Nu je een lokale kopie van de oefenreeks hebt, kan je de solution, met daarin het project met oefeningen, openen in Visual Studio. Dit doe je door het nieuw toegevoegde project te dubbelklikken en vervolgens te dubbelklikken op de solution. Daarna kan je overschakelen naar de Solution Explorer.

Open

Je werk opslaan

Telkens je je project probeert uit te voeren, of het nu fouten bevat of niet, zal Visual Studio je wijzigingen opslaan. Zolang je dus regelmatig test, zal je je werk dus niet verliezen. Maar wat als je je werk mee naar huis wil nemen, bijvoorbeeld door het hele project te mailen naar jezelf of door het op te slaan op een USB stick?

Het eerste dat je moet weten is dat broncode op zich niet veel plaats in beslag neemt. Het gecompileerde programma doet dat echter wel. Als je dus zonder meer je project overzet naar een USB-stick of naar het internet, dan kan dat wel eens heel lang duren. Maar dat gecompileerde programma heb je eigenlijk niet nodig. Je kan dat op elk moment terug genereren vanuit je code. Het eerste wat je daarom doet wanneer je je project wil meenemen, is een Clean uitvoeren.

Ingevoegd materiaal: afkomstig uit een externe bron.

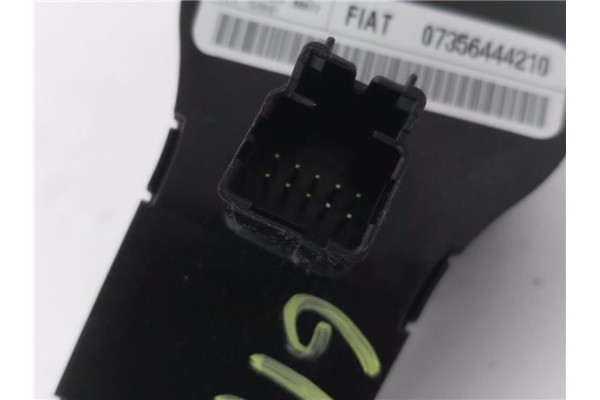 Recambio de mando de luces para jeep renegade (bu) 1.6 limited fwd referencia OEM IAM 07356444210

Dat kan eenvoudig via het right-click menu dat verschijnt wanneer je op de solution klikt.

Clean

Daarna kan je de projectlocatie openen in de file explorer. Ook dat kan eenvoudig via de solution explorer. Je verwijdert dan nog best de folder packages. Ook die kan erg groot zijn, en visual studio maakt die folder opnieuw aan wanneer die ontbreekt. Van de overige inhoud kan je dan een zipfile maken.

Zip

Bij een klein project, zoals deze oefenreeksen, kan je ook enkel de .cs bestanden selecteren en bewaren. Je kan dan achteraf het project opnieuw downloaden via Github en de .cs bestanden vervangen.